Langkah Pembelejaran Model Problem Based Learning

Model Pembelajaran merupakan kerangka konseptual yang melukiskan prosedur yang sistematis dalam mengorganisasi pengalaman belajar untuk mencapai tingkat belajar tertentu (Udin S.W. 1997).Joyce, dkk. (2003) mengemukakan bahwa suatu model pembelajaran adalah suatu perencanaan atau pola yang digunakan sebagai pedoman pelaksanaan pembelajaran di kelas. 

Oemar Hamalik (2003: 24) menjelaskan bahwa model pembelajaran merupakan suatu rencana atau pola yang digunakan untuk membentuk kurikulum, merancang bahan pengajaran dan membimbing pengajaran di kelas. Dari pendapat tersebut di atas dapat disimpulkan bahwa model pembelajaran merupakan kerangka konseptual dalam wujud suatu perencanaan pembelajaran yang melukiskan prosedur yang sistematis yang digunakan sebagai pedoman dalam pembelajaran di kelas.

Istilah model pembelajaran mempunyai empat ciri khusus yakni: 1) rasional teoretik yang logis yang disusun oleh para pencipta, 2) landasan pemikiran tentang apa dan bagaimana siswa belajar, 3) tingkah laku mengajar yang diperlukan agar model tersebut dapat berhasil, 4) lingkungan belajar yang diperlukan agar tujuan pembelajaran itu dapat tercapai (Wina Sanjaya, 2006: 128).
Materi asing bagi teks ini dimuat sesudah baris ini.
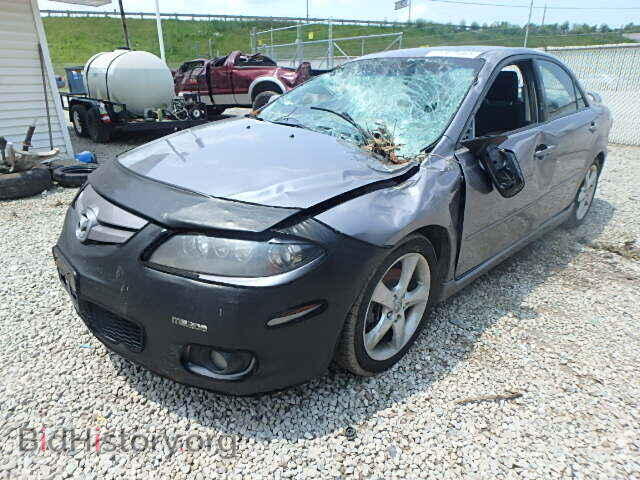 2006 MAZDA 6 - VIN: 1YVHP80D765M12258 - Фото 2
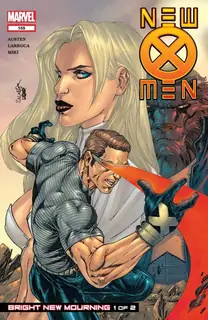 Cover of New X-Men #155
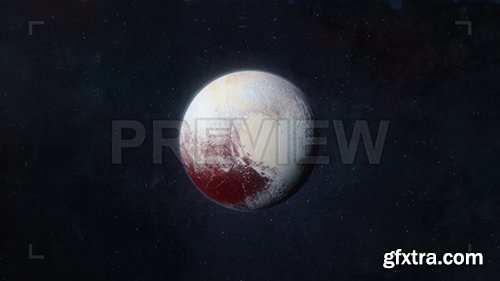 Approaching Pluto 68722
Sintaks suatu model pembelajaran menggambarkan keseluruhan urutan alur langkah yang pada umumnya diikuti oleh serangkaian kegiatan pembelajaran (Nana S., 1989: 43). Sintaks pembelajaran menunjukkan dengan jelas kegiatan-kegiatan apa yang perlu dilakukan oleh guru atau siswa dan tugas-tugas khusus yang dilakukan oleh siswa. 

Sintaks dari bermacam model pembelajaran mempunyai komponen yang sama seperti diawali dengan menarik perhatian siswa dan memotivasi siswa agar terlibat dalam proses pembelajaran. 
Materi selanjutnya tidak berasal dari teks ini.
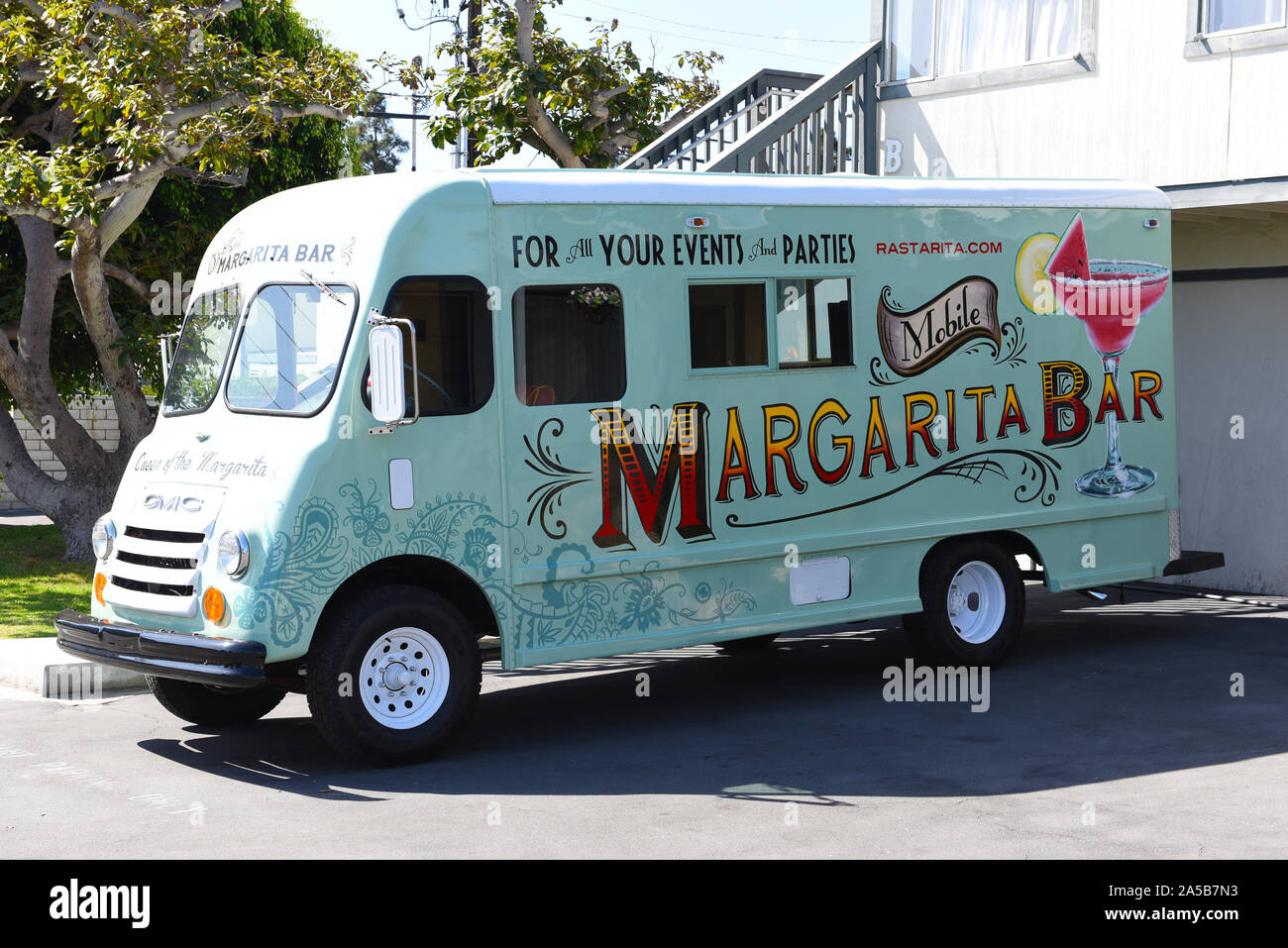 Rasta rita margarita truck hires stock photography and images Alamy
Demikian pula setiap model pembelajaran selalu mempunyai tahap menutup pelajaran. Namun demikian ada perbedaan seperti perbedaan pengelolaan lingkungan belajar, perbedaan peran siswa, perbedaan peran guru, perbedaan ruang fisik dan perbedaan sistem sosial kelas. Perbedaan-perbedaan tersebut harus dipahami oleh para guru dalam menerapkan model pembelajaran agar dapat dilaksanakan dengan baik.

Model pembelajaran problem based learning (pembelajaran berbasis masalah), awalnya dirancang untuk program graduate bidang kesehatan oleh Barrows, Howard (1986) yang kemudian diadaptasi dalam bidang pendidikan oleh Gallagher (1995).
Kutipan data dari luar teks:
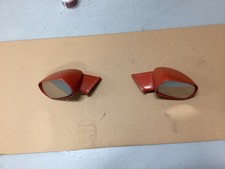 Cast Bullet Mirrors Right And Left Nice Cast Bullet Mirrors Right And Left Nice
Problem based learning disetting dalam bentuk pembelajaran yang diawali dengan sebuah masalah dengan menggunakan instruktur sebagai pelatihan metakognitif dan diakhiri dengan penyajian dan analisis kerja siswa.
Model pembelajaran problem based learning berlandaskan pada psikologi kognitif, sehingga fokus pengajaran tidak begitu banyak pada apa yang sedang dilakukan siswa, melainkan kepada apa yang sedang mereka pikirkan pada saat mereka melakukan kegiatan itu. 

         Pada problem based learning peran guru lebih berperan sebagai pembimbing dan fasilitator sehingga siswa belajar berpikir dan memecahkan masalah mereka sendiri. Belajar berbasis masalah menemukan akar intelektualnya pada penelitian John Dewey (Ibrahim, 2000). 

        Pedagogi Jhon Dewey menganjurkan guru untuk mendorong siswa terlibat dalam proyek atau tugas yang berorientasi masalah dan membentu mereka menyelidiki masalah-masalah tersebut. Pembelajaran yang berdayaguna atau berpusat pada masalah digerakkan oleh keinginan bawaan siswa untuk menyelidiki secara pribadi situasii yang bermakna merupakan hubungan problem based learning dengan psikologi Dewey. Selain Dewey, ahli psikologi Eropa Jean Piaget tokoh pengembang konsep konstruktivisme telah memberikan dukungannya. 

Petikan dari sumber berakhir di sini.